銀行の混乱はまだ終わっていないという話を最近はしていますが、それはアメリカの銀行の預金の減少を見ても言えます。
ここでは今週発表された3月22日までの銀行の預金の変化を見ていきます。
この記事のポイント
- シリコンバレーバンクが破綻してからアメリカの銀行は大幅なペースで毎週預金が減っている。
- しかし、そもそも預金の減少は2022年第2四半期から続いている。これはFRBの金融引き締めが始まった時期。
- 銀行の混乱をもたらした預金流出の原因がFRBの金融引き締めなら、銀行の混乱はまだ続きうる。
大きな預金流出は続いている
シリコンバレーバンクは破綻までに「預金の減少→現金確保のための資産の売却を発表→取り付け騒ぎ」というステップをふみました。
預金が減少することは銀行にとって良くない動きなのですが、その流れは3月22日週になってもまだ変わっていないように見えます。
次のグラフはアメリカの銀行の預金額を表していますが、シリコンバレーバンクが破綻した週から大きな預金の流出は続いています。
預金が減るペースもかなり早いです。リーマンショックの頃には最高で1週間で1000億ドル規模の預金の流出が1度ありましたが、それを超える規模の預金減少が続いています。
現金が減るペースはわずかに小さくなっていますが、それでもまだ通常よりもずっと大きいです。これを見る限り、まだ異常な事態は続いているように見えます。
預金流出の原因は金融引き締め
預金の減少の規模が1000億ドルを超えるまで大きくなったのはシリコンバレーバンク破綻があってからですが、そもそもの預金減少が起こった根本の原因はFRBの金融引き締めにあります。

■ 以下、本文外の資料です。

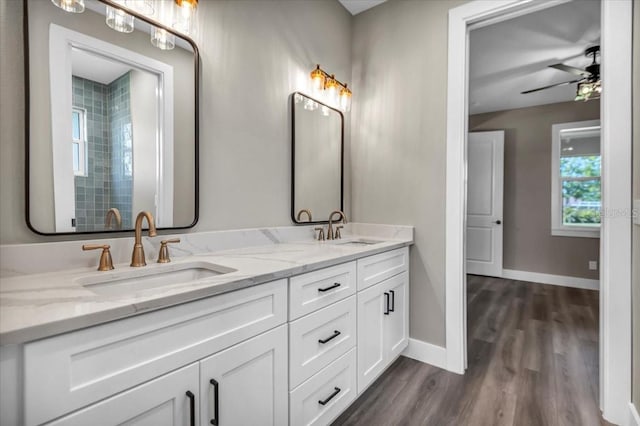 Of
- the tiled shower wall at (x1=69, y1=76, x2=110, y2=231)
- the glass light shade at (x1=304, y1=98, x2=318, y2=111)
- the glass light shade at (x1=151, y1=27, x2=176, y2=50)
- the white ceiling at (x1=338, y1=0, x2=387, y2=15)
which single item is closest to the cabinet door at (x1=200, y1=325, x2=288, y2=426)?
the tiled shower wall at (x1=69, y1=76, x2=110, y2=231)

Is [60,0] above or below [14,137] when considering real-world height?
above

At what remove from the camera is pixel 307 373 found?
131cm

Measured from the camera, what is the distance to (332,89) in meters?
2.31

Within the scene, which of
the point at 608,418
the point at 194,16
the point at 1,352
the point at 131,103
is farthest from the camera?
the point at 608,418

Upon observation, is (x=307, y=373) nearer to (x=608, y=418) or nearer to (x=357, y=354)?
(x=357, y=354)

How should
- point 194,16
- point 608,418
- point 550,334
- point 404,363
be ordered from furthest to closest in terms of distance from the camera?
point 550,334 → point 404,363 → point 608,418 → point 194,16

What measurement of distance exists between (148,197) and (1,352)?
0.84m

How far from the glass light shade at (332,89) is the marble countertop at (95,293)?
4.47 feet

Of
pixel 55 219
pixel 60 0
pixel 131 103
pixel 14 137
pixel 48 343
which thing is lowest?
pixel 48 343

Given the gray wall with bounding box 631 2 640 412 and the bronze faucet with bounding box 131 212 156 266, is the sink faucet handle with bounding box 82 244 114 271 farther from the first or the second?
the gray wall with bounding box 631 2 640 412

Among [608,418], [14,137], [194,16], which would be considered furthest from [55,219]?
[608,418]

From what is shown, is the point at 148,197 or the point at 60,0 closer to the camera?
the point at 60,0

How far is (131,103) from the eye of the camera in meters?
1.29

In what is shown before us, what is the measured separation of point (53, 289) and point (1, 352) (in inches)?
12.3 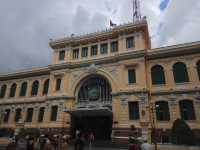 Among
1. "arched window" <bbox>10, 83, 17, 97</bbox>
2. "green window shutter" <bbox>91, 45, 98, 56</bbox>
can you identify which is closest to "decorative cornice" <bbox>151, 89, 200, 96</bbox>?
"green window shutter" <bbox>91, 45, 98, 56</bbox>

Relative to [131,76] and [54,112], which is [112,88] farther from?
[54,112]

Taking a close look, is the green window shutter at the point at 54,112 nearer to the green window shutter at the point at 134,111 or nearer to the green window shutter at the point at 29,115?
the green window shutter at the point at 29,115

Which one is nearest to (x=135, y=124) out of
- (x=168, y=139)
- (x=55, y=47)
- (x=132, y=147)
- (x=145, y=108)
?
(x=145, y=108)


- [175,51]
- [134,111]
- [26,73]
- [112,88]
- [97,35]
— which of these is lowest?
[134,111]

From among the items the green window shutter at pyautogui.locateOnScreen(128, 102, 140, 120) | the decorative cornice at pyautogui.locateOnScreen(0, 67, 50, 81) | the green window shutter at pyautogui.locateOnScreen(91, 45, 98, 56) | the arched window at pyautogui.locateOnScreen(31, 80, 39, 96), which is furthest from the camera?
the arched window at pyautogui.locateOnScreen(31, 80, 39, 96)

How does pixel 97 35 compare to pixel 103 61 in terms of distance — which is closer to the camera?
pixel 103 61

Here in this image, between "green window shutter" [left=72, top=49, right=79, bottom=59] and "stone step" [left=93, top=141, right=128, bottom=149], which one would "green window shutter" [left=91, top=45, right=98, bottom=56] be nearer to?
"green window shutter" [left=72, top=49, right=79, bottom=59]

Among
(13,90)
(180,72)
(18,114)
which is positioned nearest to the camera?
(180,72)

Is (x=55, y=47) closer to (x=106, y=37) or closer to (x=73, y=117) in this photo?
(x=106, y=37)

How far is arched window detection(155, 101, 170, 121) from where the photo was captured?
23031 mm

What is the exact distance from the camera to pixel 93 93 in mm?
27656

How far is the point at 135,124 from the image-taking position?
75.5 ft

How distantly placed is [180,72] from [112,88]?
32.0 ft

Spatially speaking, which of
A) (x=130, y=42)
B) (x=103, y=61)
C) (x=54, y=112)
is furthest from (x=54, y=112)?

次のグラフは四半期ごとのアメリカの銀行の預金額の変化をみたものですが、四半期ペースで預金の減少は過去にほとんど見られない現象でした。
しかし、最近のアメリカでは2022年第2四半期からずっと預金の減少が続いています。
2022年第2四半期と言えば、FRBが本格的に金融引き締めを開始した時期です。
今回の引き締めは利上げも量的引き締めも歴史的なハイペースで進められたので、預金減少が発生したように思います。
となると、シリコンバレーバンクの破綻後に打ち出した銀行の救済策で一時的に市場が落ち着いたように見えても、インフレ退治の金融引き締めが続いているかぎり銀行の破綻が発生しうる状況には変わりないことがわかります。
かつてサブプライムローン問題が発生した時には、ベア・スターンズの救済からリーマン・ブラザーズ破綻まで半年の時間がありました。
なので、数ヶ月から半年くらいの平穏な日々が続いて投資家の気持ちが緩んだ頃に、銀行の破綻がまた起こる可能性もあります。
また、銀行は破綻しないように企業への貸出しを厳しく審査するようになることを考えると、資金力のない企業の倒産のほうが先にやってくるかも知れません。
いずれにしろ、FRBの引き締めが続くかぎりは経済は良くない状況がまだ続くはずです。